Heidelberg – Ein Forschungsteam um Maximilian Häberle vom Max-Planck-Institut für Astronomie in Heidelberg ist ein wichtiger Fund gelungen: Inmitten der Milchstraße hat die Forschungsgruppe ein schwarzes Loch mit mindestens 8200 Sonnenmassen gefunden. Damit unterscheidet sich die Neuentdeckung deutlich von den anderen Arten schwarzer Löcher, die bereits lange bekannt sind – es ist das lange gesuchte fehlende „Bindeglied“ zwischen den kleinen stellaren schwarzen Löchern und gigantischen supermassereichen schwarzen Löchern.

Diese beiden Objekttypen sind bereits recht gut erforscht, beide wurden auch in der Milchstraße gefunden: Im Zentrum unserer Galaxie existiert das supermassereiche schwarze Loch Sagittarius A* mit etwa vier Millionen Sonnenmassen. Weiter draußen gibt es unter anderem das stellare schwarze Loch Gaia BH3, das mit nur 33 Sonnenmassen dagegen ein Winzling ist.

Fehlendes „Bindeglied“: Mittelgroßes schwarzes Loch in der Milchstraße entdeckt

Die Wissenschaft war sich schon lange sicher, dass es zwischen diesen beiden extremen Typen von schwarzen Löchern noch eine mittlere Kategorie geben muss. Doch bisher konnte kein solches Objekt nachgewiesen werden. Nun ist es dem Forschungsteam um Häberle gelungen, die Ergebnisse wurden im Fachjournal Nature veröffentlicht.
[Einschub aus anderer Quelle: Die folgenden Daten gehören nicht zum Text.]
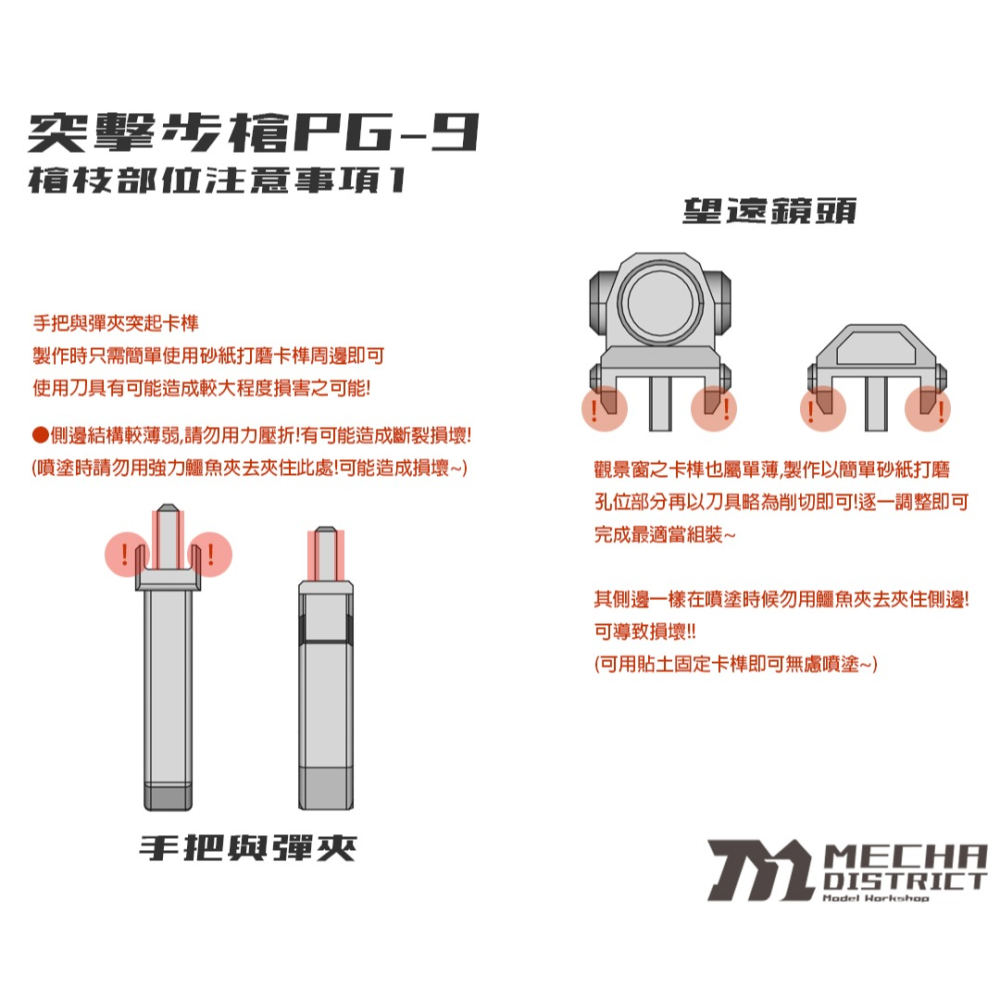 MechaDistrict 突擊步槍PG-9 1/12機娘用改套-細節圖6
Die verschiedenen Typen von schwarzen Löchern

Ein stellares schwarzes Loch entsteht, wenn ein Stern kollabiert: Er stößt seine äußeren Hüllen in einer Supernova ab, der Kern fällt in sich zusammen und wird zu einem extrem kompakten schwarzen Loch. Stellare schwarze Löcher haben Massen von einigen wenigen bis hin zu mehreren zehn Sonnenmassen. Diese schwarzen Löcher sind relativ gut erforscht.

Supermassereiche schwarze Löcher befinden sich im Zentrum der meisten Galaxien – auch im Zentrum der Milchstraße befindet sich ein supermassereiches schwarzes Loch (Sagittarius A*). Wie diese schwarzen Löcher entstehen, ist bisher unklar. Ein supermassereiches schwarzes Loch kann hunderttausend Sonnenmassen und bis zu zehn Milliarden Sonnenmassen haben. Auch sie sind relativ gut erforscht.

Mittelschwere schwarze Löcher wurden von der Forschung bisher als weitere Gruppe vermutet. Sie sollen eine Masse von mehreren hundert bis einigen tausend Sonnenmassen besitzen – genau wie das schwarze Loch im Zentrum von Omega Centauri. Wie genau die mittelschweren schwarzen Löcher entstehen, ist bisher noch unklar – schließlich wurde das erste gerade erst nachgewiesen. Die Forschung geht aber davon aus, dass sie wachsen, indem sie sich kleinere Galaxien einverleiben oder mit größeren Galaxien verschmelzen.

Das neu entdeckte schwarze Loch befindet sich im Zentrum des Sternhaufens Omega Centauri, einer Ansammlung von etwa zehn Millionen Sternen, die auf der südlichen Halbkugel als Fleck am Nachthimmel sichtbar sind. Das Zentrum dieses Sternhaufens ist so dicht, dass es unmöglich ist, einzelne Sterne zu unterscheiden. Schon lange vermuteten Astronomen, dass Omega Centauri ein schwarzes Loch in seinem Zentrum beherbergt, doch bisher konnte dies nicht bewiesen werden.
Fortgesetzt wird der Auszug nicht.